Brief descriptive captions
____________________

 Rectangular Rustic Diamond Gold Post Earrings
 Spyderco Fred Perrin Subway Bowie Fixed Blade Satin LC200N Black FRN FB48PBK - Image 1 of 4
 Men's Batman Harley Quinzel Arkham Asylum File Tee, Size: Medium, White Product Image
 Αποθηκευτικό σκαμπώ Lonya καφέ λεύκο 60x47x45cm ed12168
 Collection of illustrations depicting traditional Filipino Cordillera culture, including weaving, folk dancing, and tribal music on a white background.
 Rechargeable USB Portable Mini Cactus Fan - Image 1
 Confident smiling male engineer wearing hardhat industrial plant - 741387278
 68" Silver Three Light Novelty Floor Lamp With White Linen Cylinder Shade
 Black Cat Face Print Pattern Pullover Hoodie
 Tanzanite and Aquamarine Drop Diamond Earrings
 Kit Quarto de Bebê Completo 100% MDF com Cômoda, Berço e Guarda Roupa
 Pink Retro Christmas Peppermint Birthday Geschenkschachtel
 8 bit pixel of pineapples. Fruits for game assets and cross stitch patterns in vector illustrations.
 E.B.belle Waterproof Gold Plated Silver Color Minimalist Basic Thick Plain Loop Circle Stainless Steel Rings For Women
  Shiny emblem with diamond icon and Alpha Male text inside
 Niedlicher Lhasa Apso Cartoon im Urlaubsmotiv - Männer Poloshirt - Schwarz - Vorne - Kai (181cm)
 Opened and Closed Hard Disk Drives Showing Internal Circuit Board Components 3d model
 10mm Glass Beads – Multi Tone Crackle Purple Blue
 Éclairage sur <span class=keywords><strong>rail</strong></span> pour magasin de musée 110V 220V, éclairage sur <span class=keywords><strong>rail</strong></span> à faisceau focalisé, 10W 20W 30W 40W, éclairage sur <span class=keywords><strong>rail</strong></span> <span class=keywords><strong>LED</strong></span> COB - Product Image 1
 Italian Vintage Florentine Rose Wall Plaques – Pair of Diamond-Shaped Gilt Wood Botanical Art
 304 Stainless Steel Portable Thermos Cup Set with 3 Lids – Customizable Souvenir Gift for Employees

____________________

### WORK TASK
In the records above, return only the line that contains "8 bit pixel" and every line after it through the last, exactly as they appear.

### WRITTEN RESPONSE
 8 bit pixel of pineapples. Fruits for game assets and cross stitch patterns in vector illustrations.
 E.B.belle Waterproof Gold Plated Silver Color Minimalist Basic Thick Plain Loop Circle Stainless Steel Rings For Women
  Shiny emblem with diamond icon and Alpha Male text inside
 Niedlicher Lhasa Apso Cartoon im Urlaubsmotiv - Männer Poloshirt - Schwarz - Vorne - Kai (181cm)
 Opened and Closed Hard Disk Drives Showing Internal Circuit Board Components 3d model
 10mm Glass Beads – Multi Tone Crackle Purple Blue
 Éclairage sur <span class=keywords><strong>rail</strong></span> pour magasin de musée 110V 220V, éclairage sur <span class=keywords><strong>rail</strong></span> à faisceau focalisé, 10W 20W 30W 40W, éclairage sur <span class=keywords><strong>rail</strong></span> <span class=keywords><strong>LED</strong></span> COB - Product Image 1
 Italian Vintage Florentine Rose Wall Plaques – Pair of Diamond-Shaped Gilt Wood Botanical Art
 304 Stainless Steel Portable Thermos Cup Set with 3 Lids – Customizable Souvenir Gift for Employees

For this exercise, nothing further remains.